I know your post doesn't exactly beg a response (quite the opposite, I guess), But I was just curious if others shared my experiences regarding this. When people come into my home one of the first things they see is an Azureus tank next to a tank of Leucomelas. Now mind you, these are people who have never seen PDF's for the most part, and almost INVARIABLY, the first four questions are...

1. What happens if you breed the blue ones with the yellow ones?

2. What would happen if you put them in the same tank together?

3. Can you fit more in there, or is that as many as the tank can hold?

4. So, are they poisonous?

I can understand the fourth question, but now that I pay attention to it, I am blown away by how regularly the others are asked, especially that #1 question. No one asks where they are from, no one asks the genders, no one asks "who built those beautiful terrariums (dammit). They all want to know what a hybrid would be like. Weird, huh? Why?


----------



## divingne1 (Mar 21, 2008)

My guess is because they are more fascinated by the colors and the possibility of creating a rainbow than the actual frog and its beautiful vivarium .


----------



## Philsuma (Jul 18, 2006)

Marty,

That's a pretty inclusive list you have there. Thank you for compiling it and I'm sure a lot of people will look at those threads again and use the information.


----------



## Jellyman (Mar 6, 2006)

The discussion for me is not to "change someone's mind" or opinion. The discussion I seek is to allow all information to be avaialable so ideas and theories can be tested to help promote the hobby and better understand how to setup enclosures. Where the discussion falls apart is at the point when one opinion is deemed better and the information that is available about the other opinion is dismissed, omitted, or inaccurately commented upon. This does not allow a person to form their own opinion based on the complete set of information. 

I think you said it perfectly. Sometimes you need to agree to disagree and move on.

That's my 2 cents and I have no further public comment on the subject.


----------



## basshummper (Jan 13, 2008)

Marty NOOOOOO!


----------



## Marty71 (Nov 9, 2006)

Quick update.

Posts on mixed tanks since last July: 915. (was 800 last night).

Opinions changed 0.

Not passing any judgements, just an observation.
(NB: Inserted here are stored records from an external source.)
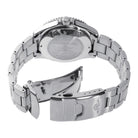 ORIENT ORIENT Sports Kamasu Arabic RA-AA0823L — immagine 2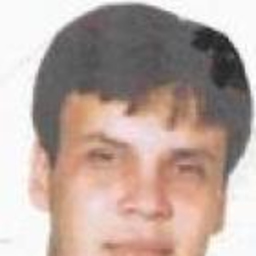 William Arias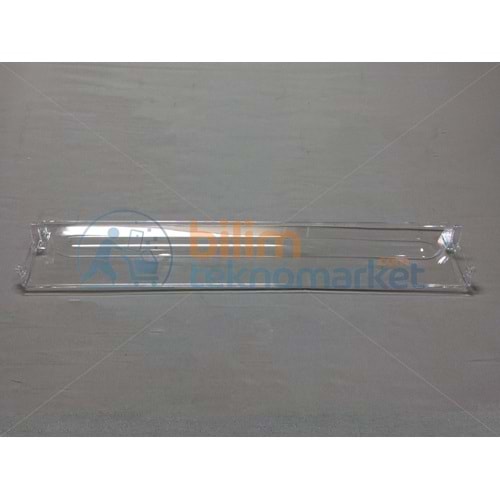 REGAL COOL5624ANF BUZDOLABI CHILLER ŞEFFAF RAF KAPAĞI 42128200 ORİJİNAL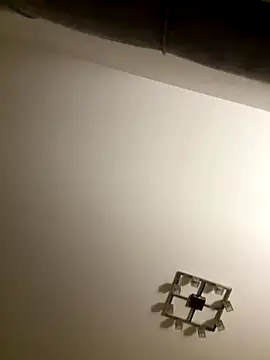 Snapshot of Wixenistgesund chatting on 23, 11, 2025 Wixenistgesund online show from 23, 11, 2025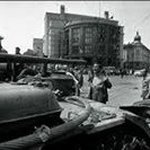 Martin Maťko Jašurek - Instagram Profile Picture of Martin Maťko Jašurek (@martinjasurek) on Instagram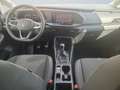 Volkswagen Caddy 1.5 TSI +AHK +Kamera +SHZ +ACC Grau - thumbnail 10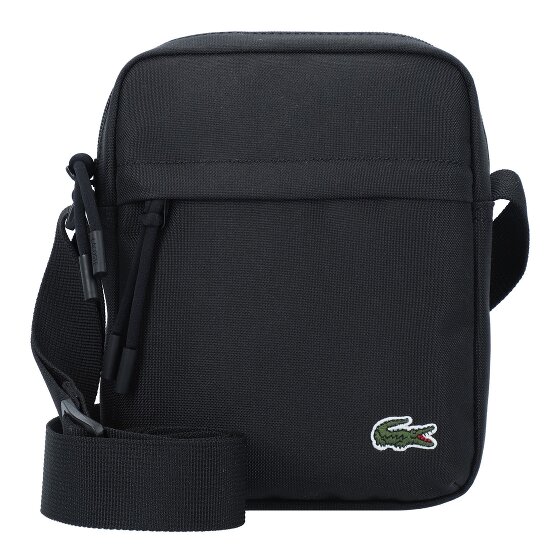 Lacoste Core Essentials Neocroc Sac à bandoulière 16.5 cm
Please keep in mind these are very rough estimates based on my love of mixing. Mixing Newcastles with posting....


----------



## verbal (Sep 8, 2004)

I've been mixing Newcastles with Dogfish 60min IPAs, myself. Never mixed frogs, though.


----------



## Dragas (Sep 4, 2008)

I am a fan of mixing sailor jerry with coke.


----------



## frogparty (Dec 27, 2007)

I conducted lengthy experiments with the mixing of absolute mandarin 50/50 with orange juice


----------



## Enlightened Rogue (Mar 21, 2006)

Marty71 said:


> Might be time for people to agree to disagree and move on, I couldn't find one thread where one opinion changed. These threads date back to last July, include over 800 posts and represent 3 out of 12 pages the "mixed tank" search returned. Debate away, but I'm guessing it's already been covered.
> 
> http://www.dendroboard.com/forum/general-discussion/40870-so-you-want-reason-not-mix-species.html
> 
> ...


All true,
but then we would all be missing out on another 25 pages of torture like whats going in another thread, wouldn`t we?

John


----------



## frogfreak (Mar 4, 2009)

frogparty said:


> I conducted lengthy experiments with the mixing of absolute mandarin 50/50 with orange juice



You forgot the taquila.

1 part taquila x 3 parts OJ x 3 =


Glenn


----------



## Estrato (Jan 6, 2009)

I personally love mixing business with pleasure.


----------



## frogparty (Dec 27, 2007)

good one estrado
Tequila gets me in trouble frog freak, trouble I used to relish, but need to steer clear of these days
the 4 stages of tequila
1:Im rich 
2:Im great looking 
3: Im bulletproof
4:Im invisible


----------



## McBobs (Apr 26, 2007)

How about 1/3 clementine svedka, 1/3 monster khaos energy drink, and 1/3 orange x tropical punch gatorade? Pretty tastey!

-Matt


----------



## frogfreak (Mar 4, 2009)

frogparty said:


> good one estrado
> Tequila gets me in trouble frog freak, trouble I used to relish, but need to steer clear of these days
> the 4 stages of tequila
> 1:Im rich
> ...


----------



## Geckoguy (Dec 10, 2008)

Mixing can only bring about bad things...













Sorry for the graphic image


----------



## frogfreak (Mar 4, 2009)

Geckoguy said:


> Mixing can only bring about bad things...
> 
> 
> 
> ...




Those offspring would be awesome!!! Can I buy one?


Glenn


----------



## Geckoguy (Dec 10, 2008)

Just waiting on eggs... uh i think eggs???


----------



## zBrinks (Jul 16, 2006)

Looks more like same-sex aggression to me. Sorry guys, no offspring 


I'll admit to mixing - I have 13 frogs in an 18x18x24 exo terra. 5 azureus, 4 leucs, 2 auratus, and 2 bahkuis. They've been housed that way for a couple months, and no aggression so far. Of course, they are tadpoles being housed in individual mason jars set in an empty exo terra, but that's besides the point


----------



## frogparty (Dec 27, 2007)

LMFAO!!!!!!! The cat really seems to be enjoying itself




Geckoguy said:


> Mixing can only bring about bad things...
> 
> 
> 
> ...


----------



## Enlightened Rogue (Mar 21, 2006)

Geckoguy said:


> Mixing can only bring about bad things...
> 
> 
> 
> ...


Looks like me and the ex.

John


----------



## frogfreak (Mar 4, 2009)

Enlightened Rogue said:


> Looks like me and the ex.
> 
> John




My Ex was the same. HEH! Maybe it wasn't our fault after all????


Glenn


----------



## Estrato (Jan 6, 2009)

frogfreak said:


> My Ex was the same. HEH! Maybe it wasn't our fault after all????
> 
> 
> Glenn


Youre guys, of course its your fault.


----------